Au moment où la recomposition de la classe politique se profile à l’horizon des échéances électorales prochaines, sur fond de défiance à l’égard de l’élite politico-financière et dans un contexte économique ardu, il est permis de s’interroger sur les enjeux que recouvre l’émergence d’Ousmane Sonko et la place de plus en plus emblématique qu’il occupe sur la scène politique. Sans se livrer à un décryptage systématique de son ascension, sans doute prématuré, on peut toutefois s’accorder sur quelques observations susceptibles d’apporter un éclairage sur sa popularité.
Au plan interne, la fascination dont fait l’objet la personnalité de Sonko dans toutes les couches de la société est sans doute le reflet de longues frustrations accumulées. Celles-ci se nourrissent des faits répétés de corruption banalisées, du sentiment d’impunité des élites, du délitement des mœurs dont l’une des expressions les plus achevées au plan politique est la transhumance érigée en norme nationale. A cela s’ajoute l’entre soi et l’arrogance d’une certaine élite affairiste, supposée de surcroît inféodée aux intérêts géostratégiques de puissances étrangères, etc.
Sur la scène politique, le vide laissé par l’élimination perçue comme arbitraire de candidatures jugées sérieuses aux prochaines élections présidentielles offre un nouvel espace à conquérir que Sonko a vite occupé. En effet, les analystes politiques convergent pour considérer l’invalidation des candidatures de Karim Wade et de Khalifa Sall comme relevant d’une évidente instrumentalisation de la justice. Les peines infligées à des adversaires politiques suscitent un profond sentiment d’injustice au sein de la population.
Par ailleurs, les réseaux sociaux et les médias ont joué un rôle d’amplification particulièrement réussi dans la diffusion et la propagation de ses idées qui, par un effet balançoire, se bonifient du discrédit des élites et notables du pays. Les sorties parfois vigoureuses des nouveaux snipers de la toile, nonobstant la forme parfois agressive et injurieuse de leurs propos, ont probablement contribué à démystifier le pouvoir abusif et la supercherie de certains caciques politico-religieux du pays.
Le candidat semble s’inscrire dans une démarche volontariste de modernisation de l’espace politique.
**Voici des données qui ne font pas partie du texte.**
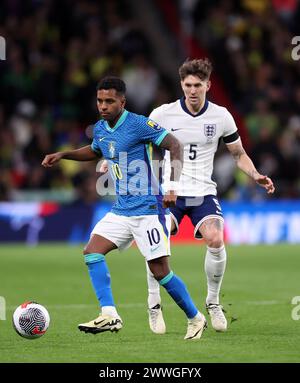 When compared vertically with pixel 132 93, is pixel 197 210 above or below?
below

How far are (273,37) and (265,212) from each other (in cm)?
507

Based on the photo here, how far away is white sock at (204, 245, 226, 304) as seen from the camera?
952 cm

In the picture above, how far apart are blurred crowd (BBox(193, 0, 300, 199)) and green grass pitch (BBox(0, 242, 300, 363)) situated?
2.15 meters

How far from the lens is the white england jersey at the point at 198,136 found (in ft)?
32.0

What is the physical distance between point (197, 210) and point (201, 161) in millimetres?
470

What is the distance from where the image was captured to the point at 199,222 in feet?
31.4

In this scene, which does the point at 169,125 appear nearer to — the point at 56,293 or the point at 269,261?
the point at 56,293

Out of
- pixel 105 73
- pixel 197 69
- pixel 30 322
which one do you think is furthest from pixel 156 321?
pixel 105 73

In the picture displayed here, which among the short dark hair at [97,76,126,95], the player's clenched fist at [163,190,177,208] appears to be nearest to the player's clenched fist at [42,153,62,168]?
Answer: the short dark hair at [97,76,126,95]

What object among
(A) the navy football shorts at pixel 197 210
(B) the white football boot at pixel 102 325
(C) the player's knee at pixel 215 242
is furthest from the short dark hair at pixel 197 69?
(B) the white football boot at pixel 102 325

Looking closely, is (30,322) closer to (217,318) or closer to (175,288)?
(175,288)

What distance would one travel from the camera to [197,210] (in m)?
9.69

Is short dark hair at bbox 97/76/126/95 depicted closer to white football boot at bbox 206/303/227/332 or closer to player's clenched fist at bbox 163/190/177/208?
player's clenched fist at bbox 163/190/177/208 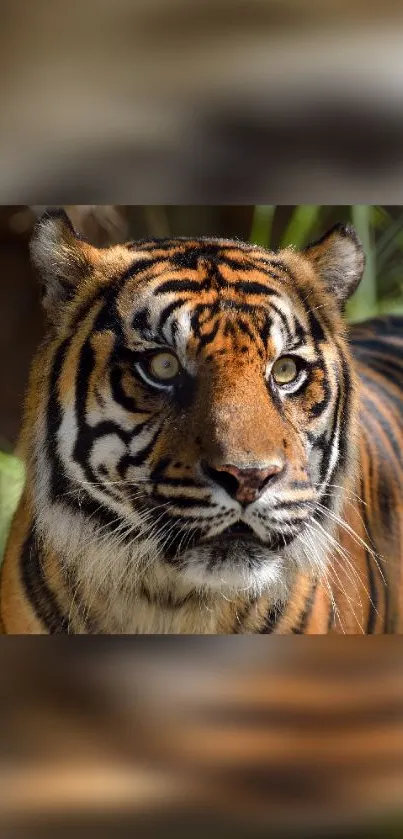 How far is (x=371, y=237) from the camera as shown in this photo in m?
2.37

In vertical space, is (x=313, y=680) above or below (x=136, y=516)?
below

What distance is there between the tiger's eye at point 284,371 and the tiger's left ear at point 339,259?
18 cm

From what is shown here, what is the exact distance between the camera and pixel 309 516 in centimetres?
232

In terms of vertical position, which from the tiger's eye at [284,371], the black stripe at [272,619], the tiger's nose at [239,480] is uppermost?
the tiger's eye at [284,371]

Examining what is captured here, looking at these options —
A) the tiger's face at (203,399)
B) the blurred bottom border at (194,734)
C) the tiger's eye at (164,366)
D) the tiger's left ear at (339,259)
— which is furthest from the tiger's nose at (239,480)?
the tiger's left ear at (339,259)

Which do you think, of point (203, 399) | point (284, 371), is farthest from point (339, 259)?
point (203, 399)

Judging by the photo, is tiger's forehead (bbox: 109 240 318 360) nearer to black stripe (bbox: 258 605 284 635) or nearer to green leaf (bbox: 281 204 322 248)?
green leaf (bbox: 281 204 322 248)

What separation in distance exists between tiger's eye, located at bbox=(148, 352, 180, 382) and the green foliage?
1.04ft

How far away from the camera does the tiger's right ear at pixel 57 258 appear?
235cm

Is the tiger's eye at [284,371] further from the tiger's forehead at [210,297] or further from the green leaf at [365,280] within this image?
the green leaf at [365,280]

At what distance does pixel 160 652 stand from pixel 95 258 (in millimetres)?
851

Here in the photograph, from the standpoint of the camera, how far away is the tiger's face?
2.24m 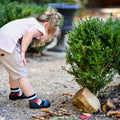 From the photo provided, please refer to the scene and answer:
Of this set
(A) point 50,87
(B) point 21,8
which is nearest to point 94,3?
(B) point 21,8

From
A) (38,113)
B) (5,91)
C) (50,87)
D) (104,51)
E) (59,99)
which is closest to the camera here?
(104,51)

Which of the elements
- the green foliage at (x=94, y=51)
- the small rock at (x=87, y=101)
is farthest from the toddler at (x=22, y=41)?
the small rock at (x=87, y=101)

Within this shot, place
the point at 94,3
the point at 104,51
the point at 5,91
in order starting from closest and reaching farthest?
the point at 104,51, the point at 5,91, the point at 94,3

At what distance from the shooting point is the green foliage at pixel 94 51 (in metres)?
2.51

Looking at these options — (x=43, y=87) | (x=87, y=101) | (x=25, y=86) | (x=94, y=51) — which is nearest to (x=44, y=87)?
(x=43, y=87)

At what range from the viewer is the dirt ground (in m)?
2.76

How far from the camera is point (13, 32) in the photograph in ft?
8.88

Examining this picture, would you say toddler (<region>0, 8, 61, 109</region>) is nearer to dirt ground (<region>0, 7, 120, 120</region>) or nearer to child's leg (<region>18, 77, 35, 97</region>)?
child's leg (<region>18, 77, 35, 97</region>)

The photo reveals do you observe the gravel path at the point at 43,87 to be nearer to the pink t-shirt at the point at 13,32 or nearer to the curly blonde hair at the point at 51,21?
the pink t-shirt at the point at 13,32

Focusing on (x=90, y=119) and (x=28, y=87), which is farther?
(x=28, y=87)

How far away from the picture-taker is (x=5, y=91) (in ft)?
11.5

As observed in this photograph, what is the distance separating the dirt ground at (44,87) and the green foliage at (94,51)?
0.45 metres

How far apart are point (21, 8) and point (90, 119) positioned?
11.4 feet

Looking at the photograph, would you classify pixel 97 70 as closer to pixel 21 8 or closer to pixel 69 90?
pixel 69 90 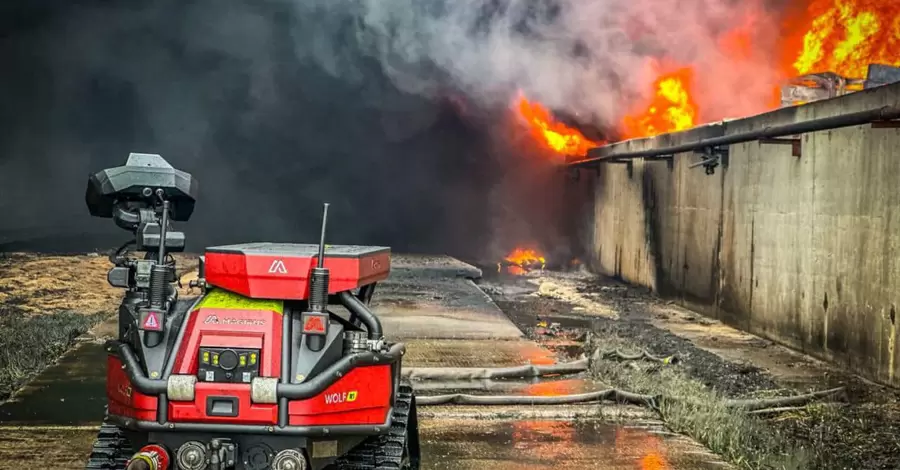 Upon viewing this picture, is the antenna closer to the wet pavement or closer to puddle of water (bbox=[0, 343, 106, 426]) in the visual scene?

En s’imposant l’exigence de rédiger sa vision et de la soumettre à la critique, il insuffle une nouvelle pratique appelée à faire des émules. L’articulation équilibrée de son discours sur les thématiques sociale, économique, diplomatique et de la bonne gouvernance séduit par sa clarté et renforce sa réputation d’homme intègre, compétent et courageux. En effet, à son niveau de popularité, rares sont les candidats qui osent aborder avec tant de clarté et sans détours la question des relations internationales déséquilibrées qui lient les pays africains francophones à la France. Ce credo de sa politique contribue également à renforcer sa notoriété, particulièrement auprès de la jeunesse assoiffée d’idéale de liberté et laissée en totale déshérence.
Sa particularité se mesure également à l’aune de sa bivalence, sa capacité à incarner à la fois la modernité et la tradition. Il manie avec dextérité la modernité lorsqu’il se montre au diapason des questions économiques les plus actuelles et dans sa stratégie de communication millimétrée dans la blogosphère et les médias sociaux, alors que son ancrage dans les traditions socioreligieuses apparaît dans sa façon de paraître et d’être, mais aussi dans ses thématiques de prédilection sur l’éthique républicaine. Alors qu’une certaine postmodernité s’évertue à décrier l’éthique religieuse au nom du relativisme, Sonko vogue à contrecourant en réaffirmant la nécessité de la morale en politique. Son modus operandi n’est pas sans rappeler à plusieurs égards l’ascension fulgurante de Barack Obama et encore plus récemment celle d’Emmanuel Macron.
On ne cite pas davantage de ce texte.